The Soviet note then passes to the discussion of the grounds of certain other arguments included in the Turkish note of August 22nd as proofs of the circumstances which made difficult the control of the Straits. Notably it denies the probative character of the official annuals of war fleets, forcedly incomplete in the war period. Moreover, as reply to the Turkish argument drawn from the fact that the only kind of control to which ships in transit could be submitted, according to the Convention, was limited to a sanitary control, the Soviet note recalls the establishment, by the Turkish Government, of obligatory stops and of recourse to pilots in the Straits, as well as the surveillance by the Turkish customs authorities of ships in transit. The note adds finally that if the totality of these control measures was considered insufficient, on the other hand, not once during the war, did the Turkish Government inform the contracting powers of the need to strengthen them.
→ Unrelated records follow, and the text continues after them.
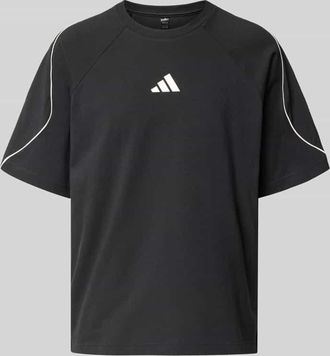 adidas T-Shirt mit Label-Print in Black, Gr&ouml;&szlig;e XXL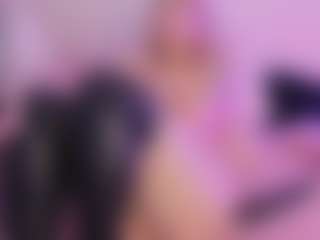 Mia's Live Sex Cam Show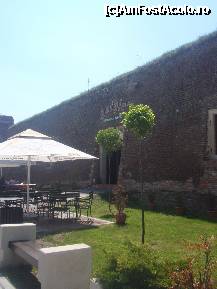 [P30] Terasa restaurantului Gothic » foto by sunflower
 - 
<span class="allrVoted glyphicon glyphicon-heart hidden" id="av327553"></span>
<a class="m-l-10 hidden" id="sv327553" onclick="voting_Foto_DelVot(,327553,18888)" role="button">șterge vot <span class="glyphicon glyphicon-remove"></span></a>
<a id="v9327553" class=" c-red"  onclick="voting_Foto_SetVot(327553)" role="button"><span class="glyphicon glyphicon-heart-empty"></span> <b>LIKE</b> = Votează poza</a> <img class="hidden"  id="f327553W9" src="/imagini/loader.gif" border="0" /><span class="AjErrMes hidden" id="e327553ErM"></span>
The Turkish Government has already strongly set forth and emphasizes once again that the essential difficulty in differentiating, between warships or commercial vessels, as regards ships in transit, rested in the imperfection of Annex II of the Convention. All the other arguments advanced by the Turkish note of August 22nd have no other end than to corroborate this elementary and patent truth, and to illustrate by facts and examples the conscious and considered correctness with which the Turkish authorities applied themselves, having resource to all the sources which could, more or less, carry authority in the matter, to discovering the true character of the ships requesting passage through the Straits. It is in this light that the recourse to the official annual should be considered. As regards the establishment of obligatory stops and the recourse to pilots, it is clear that these measures had no other end than to protect ships in transit against the risk of running into the nets installed at the entrance of [Page 883] the Straits. They could not, in the presence of the contractual conditions, involve any purpose of control; they do not therefore have any connection with the subject under reference. Likewise, the allegation according to which the customs authorities exercised surveillance on ships in transit is completely lacking in foundation, for the good reason that because of the stipulations of the Montreux Convention, the surveillance in question could never take on the character of a customs visit and was limited to a simple precautionary measure destined to prevent attempts at smuggling. Finally the reproach addressed to Turkey of not having asked of the contracting powers the strengthening of the measures for control of ships in transit also cannot be admitted, for it does not take into consideration either the procedure established for the revision of the Montreux Convention, above all during a war in which the signatory powers were divided between the two opposing camps, nor the fact that the question of the control today described as being imperfect, was not the object, during the war, of any request of the contracting powers who could feel the need to see bettered the conditions relative to this formality.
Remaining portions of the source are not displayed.